**About this exercise:**
Output a faithful copy of the entries, every picture removed.

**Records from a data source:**
_ _ _

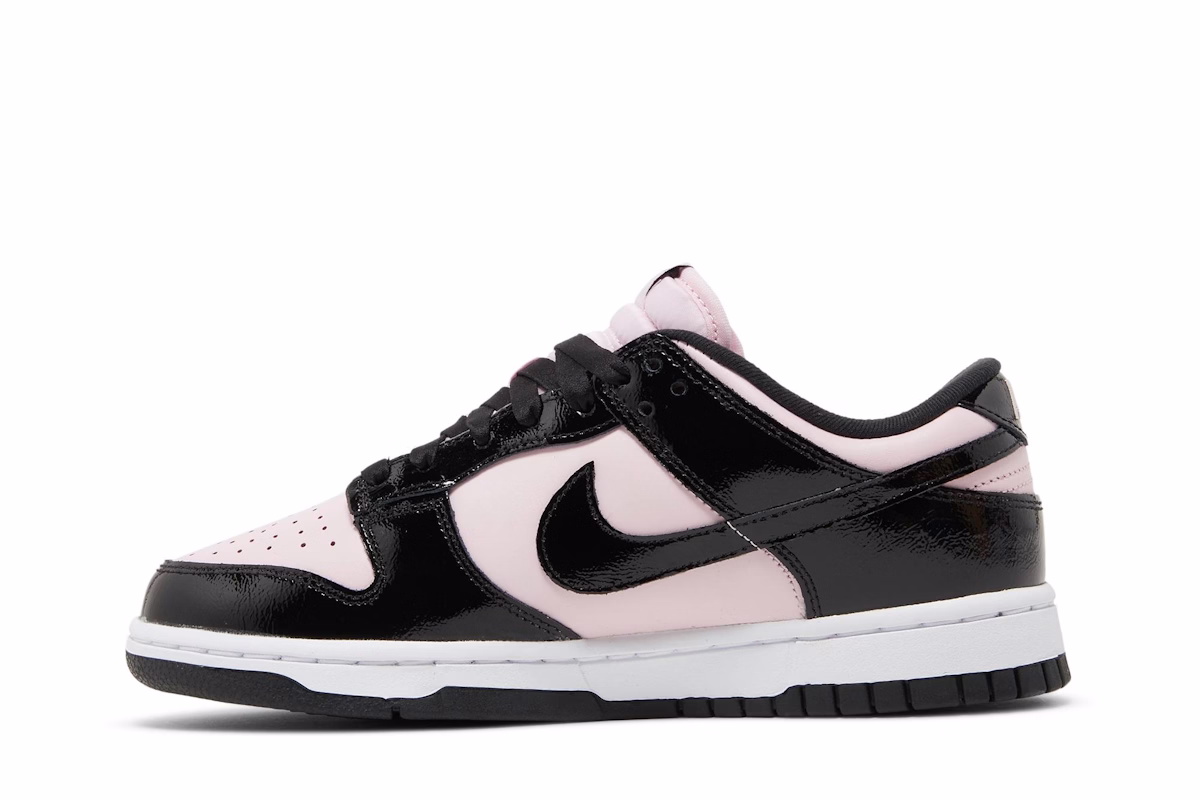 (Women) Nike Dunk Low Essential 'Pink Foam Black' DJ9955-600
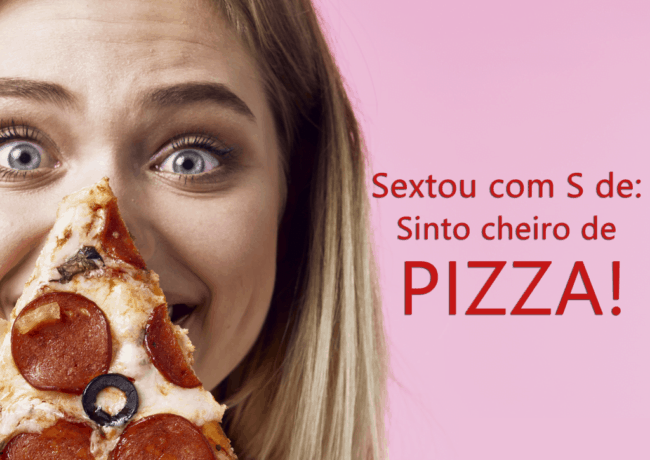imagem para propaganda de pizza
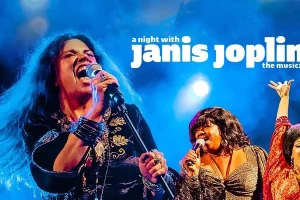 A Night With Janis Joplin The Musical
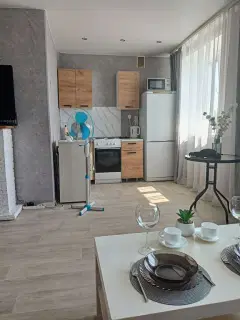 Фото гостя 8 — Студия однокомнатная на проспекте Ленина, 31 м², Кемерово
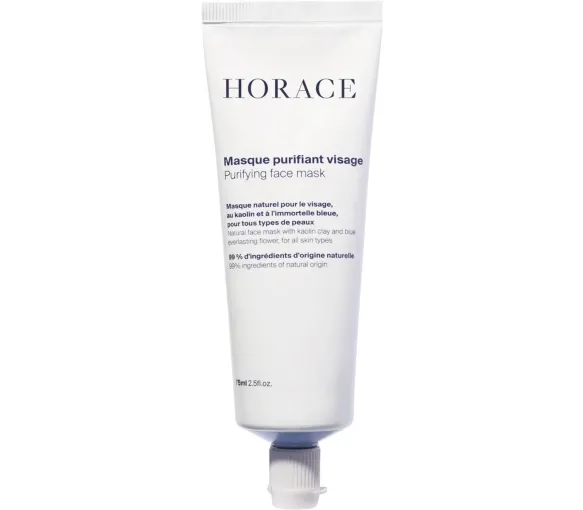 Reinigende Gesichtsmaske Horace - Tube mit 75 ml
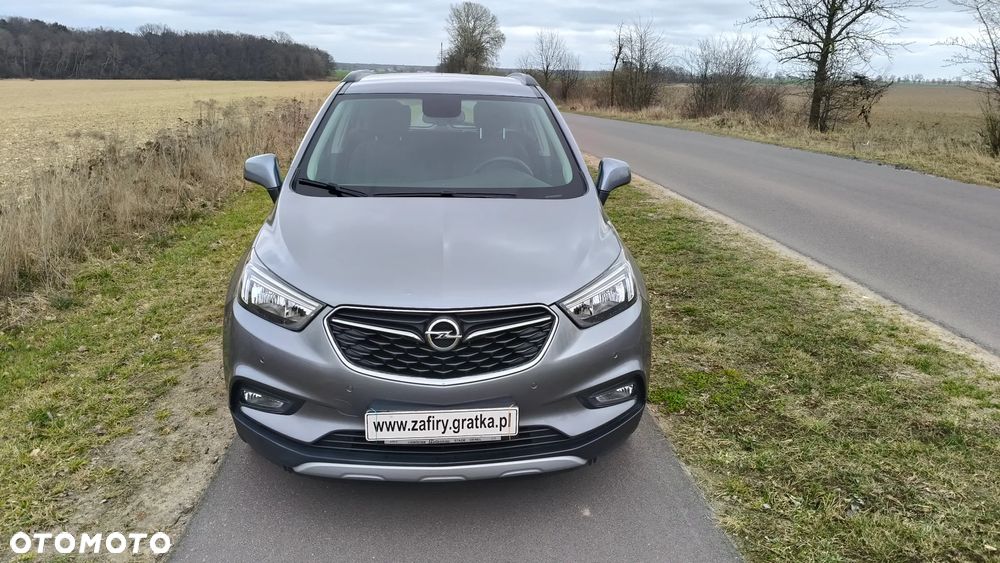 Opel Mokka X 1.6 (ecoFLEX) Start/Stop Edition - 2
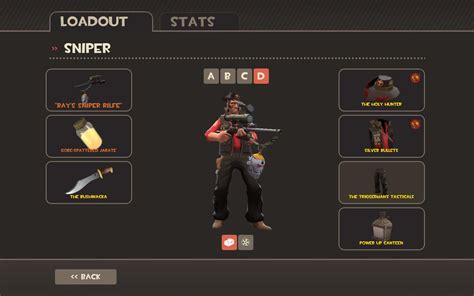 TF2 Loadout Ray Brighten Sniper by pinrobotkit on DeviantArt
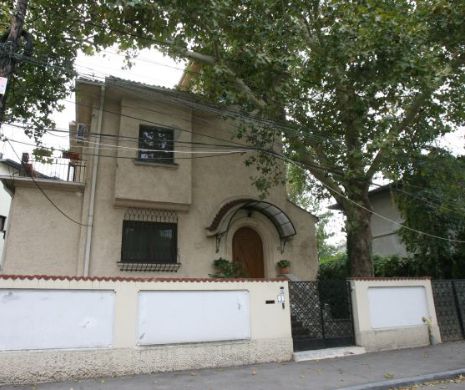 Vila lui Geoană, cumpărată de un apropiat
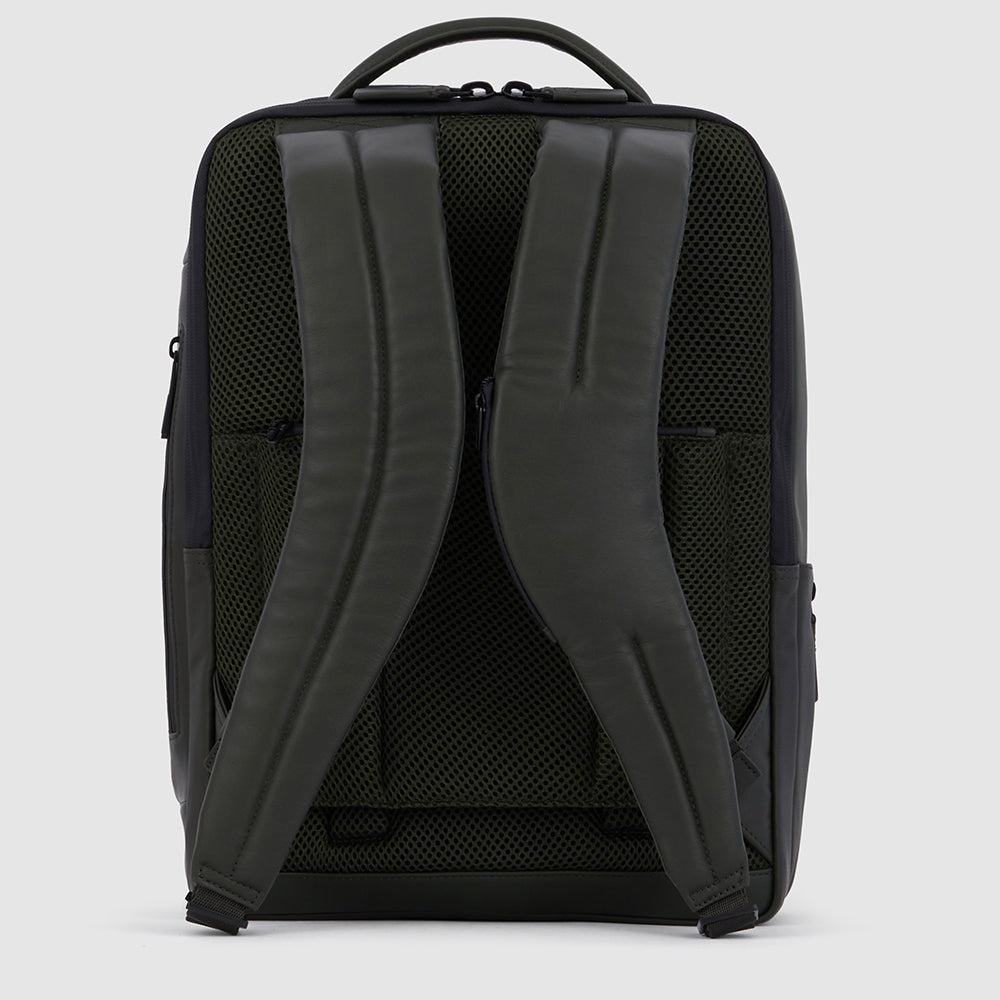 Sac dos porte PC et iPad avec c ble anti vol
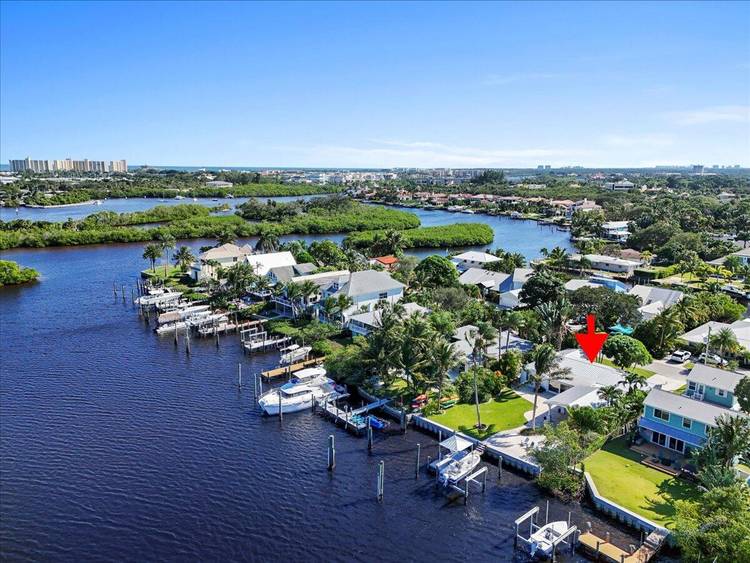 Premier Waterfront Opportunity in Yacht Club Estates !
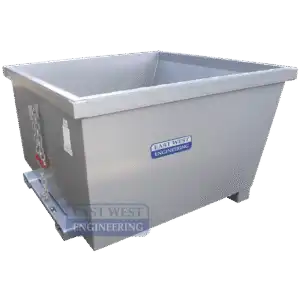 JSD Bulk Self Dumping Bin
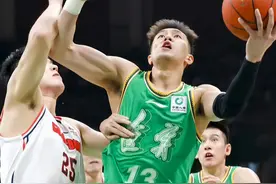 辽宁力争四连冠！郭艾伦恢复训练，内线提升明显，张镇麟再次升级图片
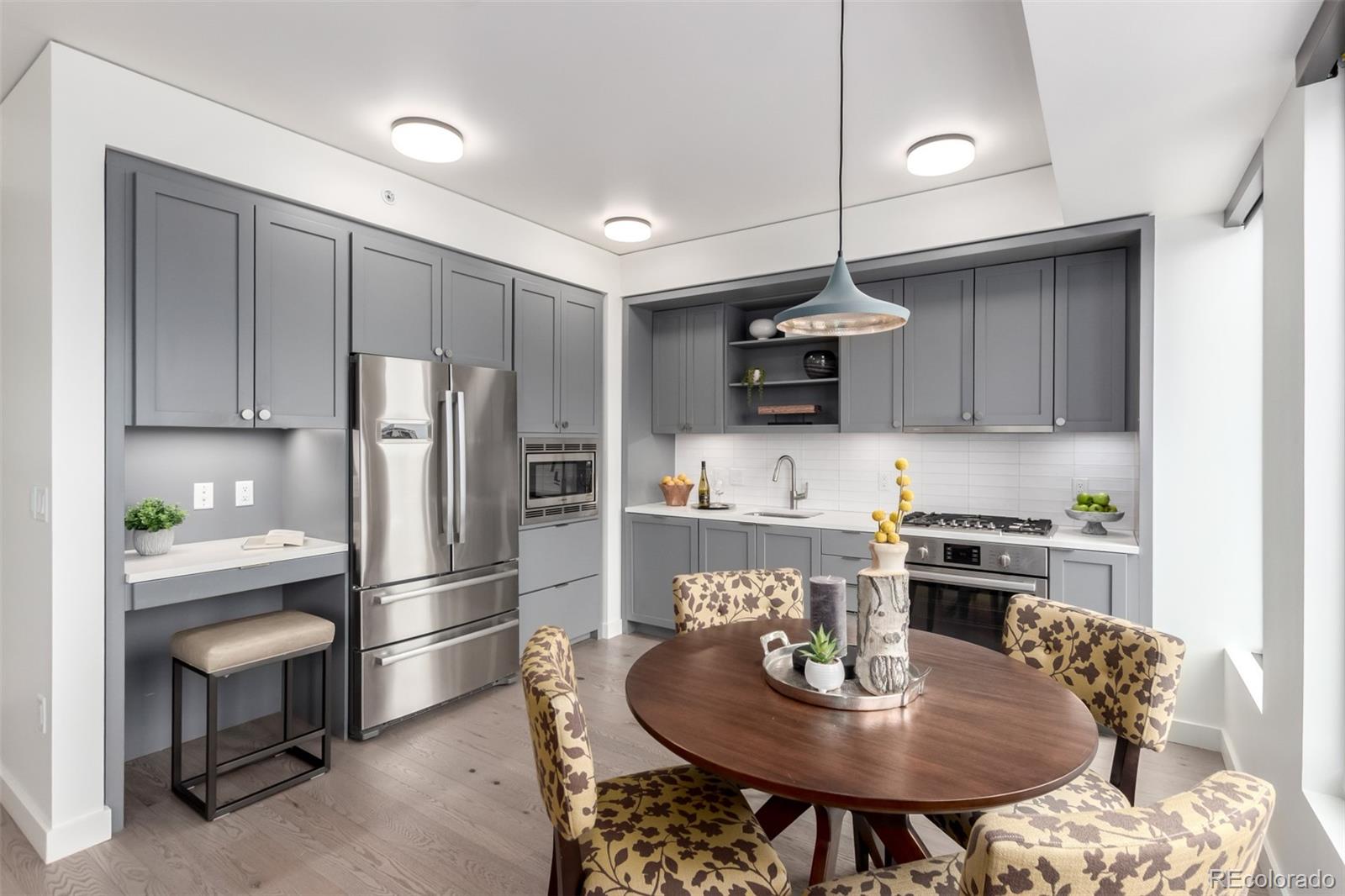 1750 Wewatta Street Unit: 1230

_ _ _

**Result of the exercise:**
 (Women) Nike Dunk Low Essential 'Pink Foam Black' DJ9955-600
imagem para propaganda de pizza
 A Night With Janis Joplin The Musical
 Фото гостя 8 — Студия однокомнатная на проспекте Ленина, 31 м², Кемерово
 Reinigende Gesichtsmaske Horace - Tube mit 75 ml
 Opel Mokka X 1.6 (ecoFLEX) Start/Stop Edition - 2
 TF2 Loadout Ray Brighten Sniper by pinrobotkit on DeviantArt
 Vila lui Geoană, cumpărată de un apropiat
 Sac dos porte PC et iPad avec c ble anti vol
 Premier Waterfront Opportunity in Yacht Club Estates !
 JSD Bulk Self Dumping Bin
 辽宁力争四连冠！郭艾伦恢复训练，内线提升明显，张镇麟再次升级图片
 1750 Wewatta Street Unit: 1230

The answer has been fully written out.